Kelli nodded as she looked into my eyes, waiting to hear more.

“It doesn’t look like the heart that we have all drawn since we were kids. The heart that we all draw, the heart that’s on all of the cards at the store - it looks like a “V” with two semi-circles at the top. A human heart looks like an upside down teardrop of sorts. Small at the bottom, and large at the top. The heart we draw represents love. The human heart represents life. If we take two human hearts, and touch them together at the pulmonary artery, it forms a perfect shape of the heart that we always draw. The representation of love. It takes two people to have and maintain love. It takes two hearts to make love. And Kelli, to answer your question, I believe love exists, and I believe that it is developed between two people, the joining of two hearts.” I stopped and smiled, proud of my explanation.

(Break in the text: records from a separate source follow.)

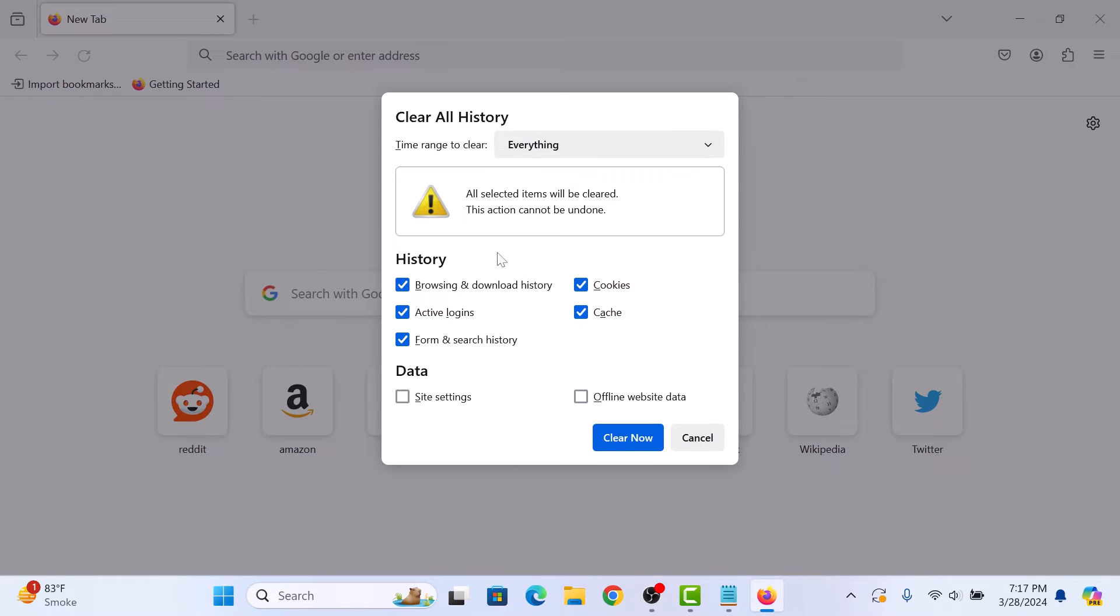In history, make sure only cache is selected and uncheck other options.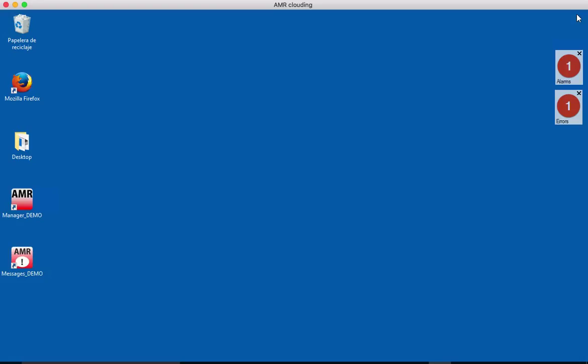You also will need to manage the toner alarms and service alarms. Here we have a what we call a traffic light. At one it's showing that we have one alarm here and one error message here. So let's open the message.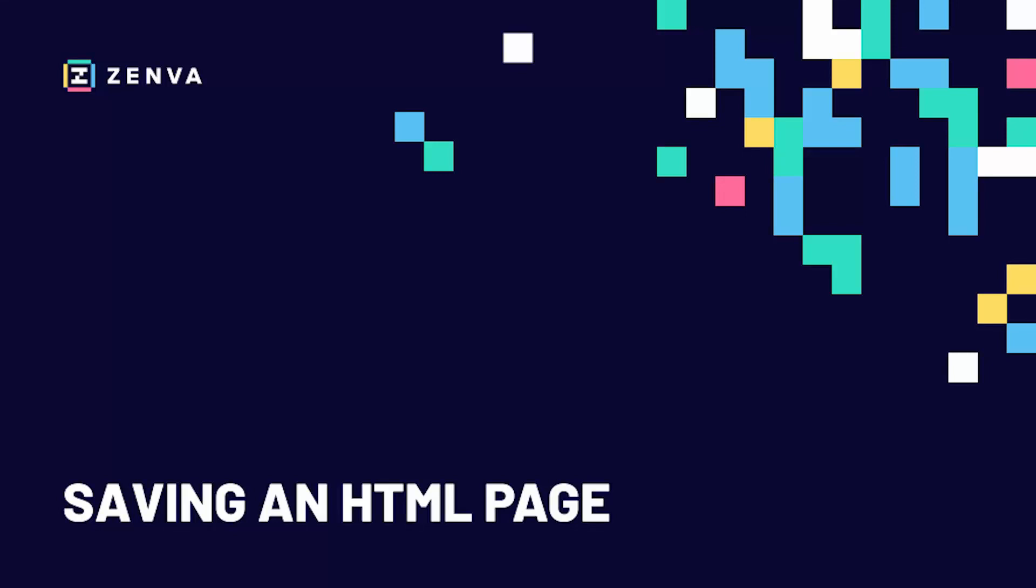Hey everyone, and welcome back to this Python web scraping course. Now that we've gone over some ethical concerns and learned about robots.txt, we are ready to go ahead and download the HTML page that we're going to be scraping off of.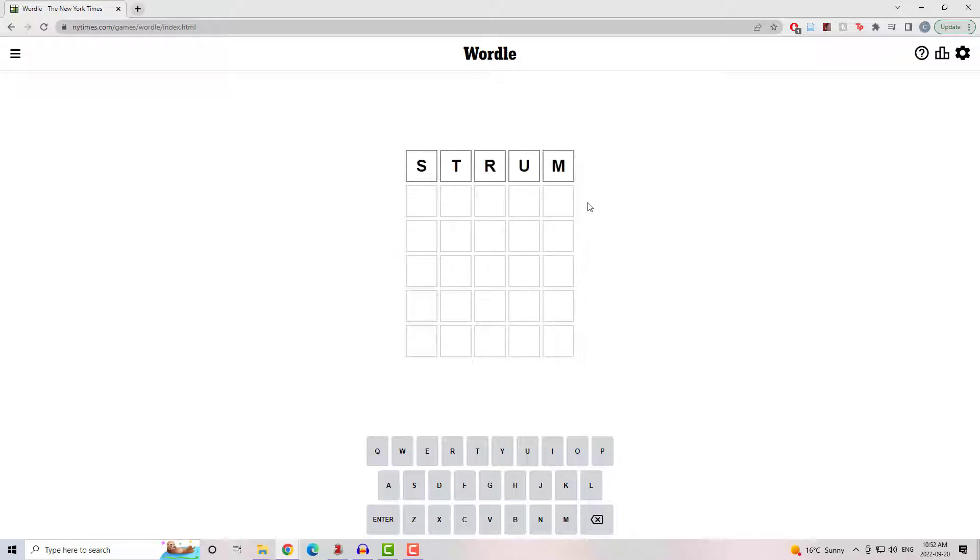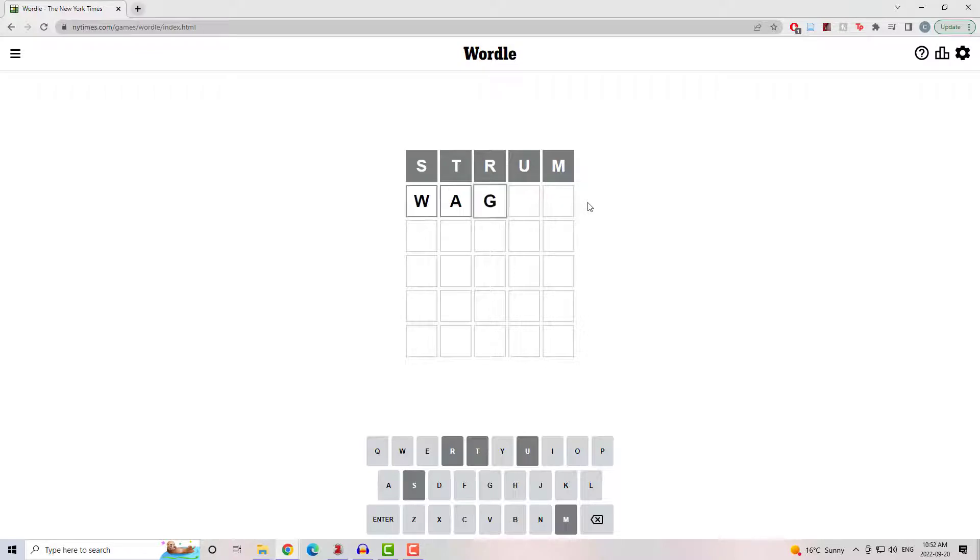Welcome to Wordle. It is September 20th. I started with Strum and didn't get anywhere.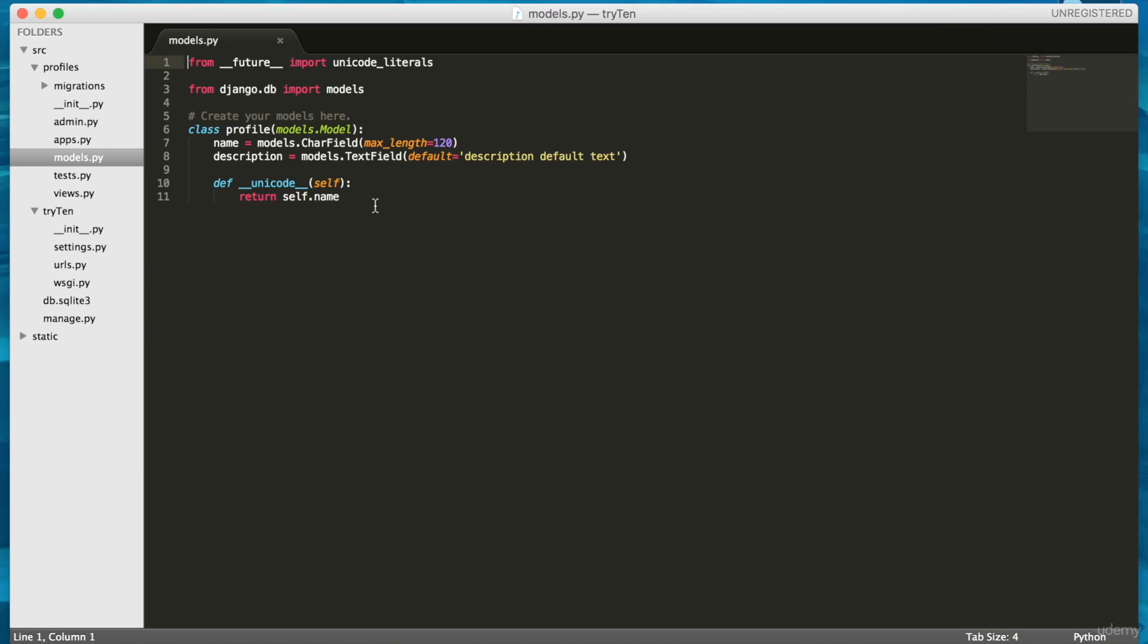We also created a model for Profile. The model has two fields called name and description. I migrated the updated model to the database so I can store data in the name and description field.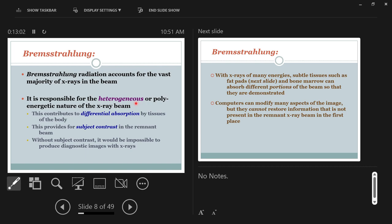All the X-rays produced by bremsstrahlung make up the biggest quantity of X-ray production from the machine. Because they come in all kinds of different speeds, the lower-energy ones get attenuated. The fastest — highest-energy — X-rays that don't interact with something in the body are the ones that reach the image receptor. Note: you can't say fast and slow for X-rays because X-rays all travel at the same speed. The only difference between one X-ray photon and another is its wavelength — high-energy X-rays have short wavelengths, low-energy X-rays have longer wavelengths.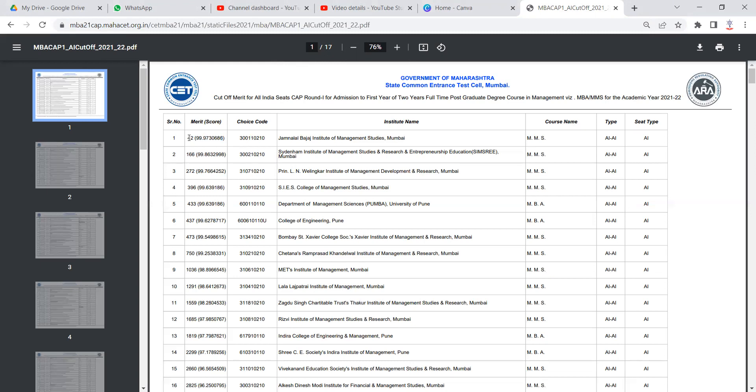Now you must be looking at merit number. This merit number you will get after the CAP. If you look at the cutoffs, for JBIMS it was 99.97%.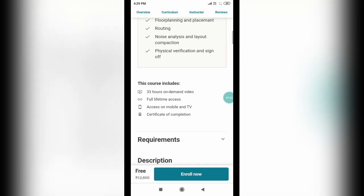And by the way, if you complete this course, you will get lifetime access. And you can access it on your mobile phone as well as TV. At the end of this course you will get a certificate of completion.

“Do you believe that we are compatible?” she asked.

“I certainly do,” I responded.

“Do you believe that we could develop a love for one another? Do you think it’s possible?” she asked, her face expressionless.

“Possible? Yes, I do, Baby Girl,” I responded, waiting for her next question.

She nodded her head and extended her arms across the table, holding her palms up. I reached out and held her hands. She sat, with her hands engulfed by mine, and closed her eyes. As Bright Eyes, First day of My Life played over the stereo system, she sat motionless

And her mouth formed the shape of a smile.